Más al oeste, en Francia, otros acaudalados señores han firmado una carta para solicitar al Gobierno francés que les suban los impuestos. Entre las rúbricas está la del presidente de la aerolínea Air France, y la de los jerarcas del consorcio alimentario Danone y de la automovilística Volvo, entre otros. «Somos conscientes de que nos hemos beneficiado plenamente de un modelo francés y de un entorno europeo con los que estamos comprometidos y que queremos ayudar a preservar».
¡Ah!, porque por ahí viene la cosa: mejor precaver, para preservar. El sistema ha sido inobjetablemente cariñoso con ellos para fomentarles las ganancias, pero si se quiere que las siga fomentando, hay que hacer un alto. No es que el sheriff de Nottingham haya sufrido una metamorfosis y se haya internado en el bosque de Sherwood después de leerse El Capital. No: es el reconocimiento de que todo tiene un límite lógico, y si a los trabajadores se les han regateado derechos, se les ha amenazado con el despido, se les han aumentado las horas laborales por la misma paga, etcétera, ¡ya no hay más cuello que apretarles!
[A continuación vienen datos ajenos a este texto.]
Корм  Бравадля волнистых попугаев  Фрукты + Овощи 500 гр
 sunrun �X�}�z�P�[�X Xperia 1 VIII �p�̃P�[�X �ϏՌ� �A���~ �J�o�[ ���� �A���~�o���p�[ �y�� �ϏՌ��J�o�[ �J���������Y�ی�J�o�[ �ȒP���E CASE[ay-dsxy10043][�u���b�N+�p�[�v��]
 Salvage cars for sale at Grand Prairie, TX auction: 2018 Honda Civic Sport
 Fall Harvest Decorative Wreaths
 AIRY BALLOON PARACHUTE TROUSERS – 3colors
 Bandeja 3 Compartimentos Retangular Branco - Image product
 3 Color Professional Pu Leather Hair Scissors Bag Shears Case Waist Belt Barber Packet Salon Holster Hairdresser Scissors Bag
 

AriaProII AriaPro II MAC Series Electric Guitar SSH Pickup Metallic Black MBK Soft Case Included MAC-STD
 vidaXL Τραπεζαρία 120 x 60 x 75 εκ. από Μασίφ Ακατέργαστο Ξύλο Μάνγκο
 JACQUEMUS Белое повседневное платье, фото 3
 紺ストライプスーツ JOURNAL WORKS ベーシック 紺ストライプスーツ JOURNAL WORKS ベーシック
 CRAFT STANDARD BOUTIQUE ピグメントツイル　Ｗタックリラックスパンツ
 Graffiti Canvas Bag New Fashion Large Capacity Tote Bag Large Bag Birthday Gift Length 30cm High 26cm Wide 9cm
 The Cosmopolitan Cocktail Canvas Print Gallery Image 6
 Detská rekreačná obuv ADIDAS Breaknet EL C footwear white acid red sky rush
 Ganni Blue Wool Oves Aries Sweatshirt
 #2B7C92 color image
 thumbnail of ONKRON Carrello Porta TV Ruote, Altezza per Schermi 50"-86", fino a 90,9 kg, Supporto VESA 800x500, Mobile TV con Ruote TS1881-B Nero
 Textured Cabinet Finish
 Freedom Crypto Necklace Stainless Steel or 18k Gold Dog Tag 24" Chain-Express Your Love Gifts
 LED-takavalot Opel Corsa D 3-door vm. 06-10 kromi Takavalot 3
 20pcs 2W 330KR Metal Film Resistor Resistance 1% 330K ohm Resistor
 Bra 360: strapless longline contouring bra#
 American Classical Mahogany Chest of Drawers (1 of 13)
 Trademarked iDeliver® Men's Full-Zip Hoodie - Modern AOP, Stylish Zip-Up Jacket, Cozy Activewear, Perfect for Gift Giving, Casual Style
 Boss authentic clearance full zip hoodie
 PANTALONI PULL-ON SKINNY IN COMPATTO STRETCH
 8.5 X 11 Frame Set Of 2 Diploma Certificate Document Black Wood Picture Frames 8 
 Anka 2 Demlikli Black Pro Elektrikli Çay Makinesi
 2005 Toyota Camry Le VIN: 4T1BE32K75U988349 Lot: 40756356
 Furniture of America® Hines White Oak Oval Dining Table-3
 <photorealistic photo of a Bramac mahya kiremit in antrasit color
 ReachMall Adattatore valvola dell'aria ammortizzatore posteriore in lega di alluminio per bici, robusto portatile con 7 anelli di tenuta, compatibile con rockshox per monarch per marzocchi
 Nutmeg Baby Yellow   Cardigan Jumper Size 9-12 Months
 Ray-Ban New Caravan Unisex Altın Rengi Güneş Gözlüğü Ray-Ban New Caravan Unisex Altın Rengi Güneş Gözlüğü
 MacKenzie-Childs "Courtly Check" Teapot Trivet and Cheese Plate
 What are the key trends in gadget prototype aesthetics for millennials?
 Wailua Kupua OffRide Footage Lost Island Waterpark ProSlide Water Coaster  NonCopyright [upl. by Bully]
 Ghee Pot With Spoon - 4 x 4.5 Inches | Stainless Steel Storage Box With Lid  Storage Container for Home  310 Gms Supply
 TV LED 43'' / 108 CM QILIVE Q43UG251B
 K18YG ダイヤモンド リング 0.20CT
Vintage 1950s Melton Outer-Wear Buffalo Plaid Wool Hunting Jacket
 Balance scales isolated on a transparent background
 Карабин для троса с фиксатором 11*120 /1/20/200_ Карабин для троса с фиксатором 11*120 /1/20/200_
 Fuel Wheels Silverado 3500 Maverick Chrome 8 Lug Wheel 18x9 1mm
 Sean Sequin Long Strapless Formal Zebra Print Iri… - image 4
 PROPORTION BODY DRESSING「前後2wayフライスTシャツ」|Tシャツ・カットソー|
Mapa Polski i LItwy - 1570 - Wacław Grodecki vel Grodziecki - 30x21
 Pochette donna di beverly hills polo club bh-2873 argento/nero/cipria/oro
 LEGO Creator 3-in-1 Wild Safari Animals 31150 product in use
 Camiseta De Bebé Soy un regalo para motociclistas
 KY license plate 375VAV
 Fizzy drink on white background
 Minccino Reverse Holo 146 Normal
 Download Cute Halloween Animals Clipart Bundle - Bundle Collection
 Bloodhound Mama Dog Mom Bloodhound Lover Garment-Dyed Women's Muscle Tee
Así, viene el arrebato de «solidaridad»: ricos que renuncian a ganar más. Pero ¿quién apuesta un euro a que no lo hacen para evitar la explosión social, que podría perjudicarlos gravemente por más que la policía se esmere en proteger la propiedad privada? Las tiendas de lujo saqueadas y convertidas en antorchas en Londres pudieran ser para algunos empresarios «de éxito» un aviso para que se replanteen si no han llevado hasta extremos crueles la dinámica de las ganancias.
Curiosamente, que los ricos pidan más impuestos sobre sus beneficios es lanzar una torta de vainilla al rostro de los gobernantes. Lo que les dicen a estos, de un modo u otro, es algo como «ustedes no han trabajado por las necesidades de las mayorías, sino para satisfacer nuestros caprichos», y echa por tierra el ideal de la «liberté, egalité, fraternité» para todos los ciudadanos cuya voluntad dicen representar.
En Alemania, por ejemplo, los gobiernos fueron reduciendo poquito a poquito las tasas a los mayores ingresos: desde el 70 por ciento hace tres décadas, hasta el 42 por ciento en tiempos del canciller socialdemócrata Gerhard Schroeder (1998-2005), ¡quien lo redujo más que su predecesor conservador Helmut Kohl! Una muestra de cuán parecidos se han ido haciendo los programas de gobierno sin importar el color político, y tal vez una de las razones de por qué el país de Beethoven —el más rico de Europa— ha visto ensancharse la brecha entre ricos y pobres en los últimos 15 años.
«Bravo», pues, por el gesto del sheriff de Nottingham. Pero si no cambia esencialmente el modo de tratar a los que menos tienen, en cualquier momento puede esperar un flechazo del encapuchado de Sherwood.